Die Summe scheint hoch, aber noch höher wird auf dem internationalen Kunstmarkt gepokert. Nach Aussage der Rechtsanwälte der Thyssen-Witwe, den beiden ehemaligen PP-Ministern Ángel Acebes und José María Michavila,
war ein Sammler bereit, für „Mata Mua“250 Millionen Euro auf den Tisch zu legen. Der Wert des Bildes ist auf 40 Millionen Euro geschätzt. Vor diesem Hintergrund ist es zu verstehen, dass der Kulturminister Carmen Cervera „für ihre Größe und ihren Patriotismus“lobt und diese sich aufrichtig freut, dass das Bild, das sie als die Liebe ihres Lebens bezeichnet, nun in Spanien bleiben wird.
Die Sammlung ist auf über eine Milliarde Euro geschätzt, die Option, sie 2036 zu erwerben, liegt bei 1,04 Milliarden Euro. Ob „Mata Mua“legal aus Spanien ausgeführt wurde und ob mit dem Wohn- und
Steuersitz Andorra seit 1992 für Carmen Cervera und „ihrer speziellen steuerlichen Situation in Spanien als Mäzenin“alles im Reinen ist, bleibt noch unklar.
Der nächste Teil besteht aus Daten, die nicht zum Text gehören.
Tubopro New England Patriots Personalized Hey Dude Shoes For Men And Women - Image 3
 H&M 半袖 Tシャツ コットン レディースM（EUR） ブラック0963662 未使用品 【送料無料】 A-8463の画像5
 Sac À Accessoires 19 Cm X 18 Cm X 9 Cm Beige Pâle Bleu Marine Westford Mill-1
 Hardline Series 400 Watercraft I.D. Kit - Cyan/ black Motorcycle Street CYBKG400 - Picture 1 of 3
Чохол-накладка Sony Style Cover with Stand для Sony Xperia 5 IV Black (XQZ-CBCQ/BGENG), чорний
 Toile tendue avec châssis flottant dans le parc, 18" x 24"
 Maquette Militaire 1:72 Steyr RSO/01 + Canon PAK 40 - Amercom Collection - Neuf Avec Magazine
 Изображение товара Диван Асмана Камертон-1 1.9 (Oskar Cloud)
Sicher ist, dass das Kulturministerium sich vertraglich verpflichtet, die Fertigstellung und Einrichtung des Museums in San Feliu de Guíxols zu unterstützen, die bislang nur schleppend vorangeht.
Baronin „brauchte das Geld“
Zusammen mit „Mata Mua“wurden im Juni noch drei andere Werke abgehängt, um diese eventuell versteigern zu lassen. „Rennpferde in der Landschaft“(1894) von Edgar Degas, „The Martha McKeen of Wellfleet“(1944) von Edward Hopper und „Die Brücke von Charing Cross“(1899) von Claude Monet. Ob sie ins Museum zurückkehren, gehört zu den Feinheiten, die bis zur Vertragsunterzeichnung noch geregelt werden müssen. 2012 hatte Carmen Cervera schon „Die Schleuse“(1824) von John Constable in London versteigern lassen und fast 28 Millionen Euro erzielt. Sie brauchte das Geld, sagte sie unverhohlen.
Diese Politik, einzelne Stücke aus der Krone zu brechen, wurde heftig kritisiert, aber illegal ist sie nicht. Die Baronin konnte mit ihrer persönlichen Sammlung machen, was sie wollte. Bis jetzt. Für die kommenden 15 Jahre hat sie sich nun der Staat gesichert.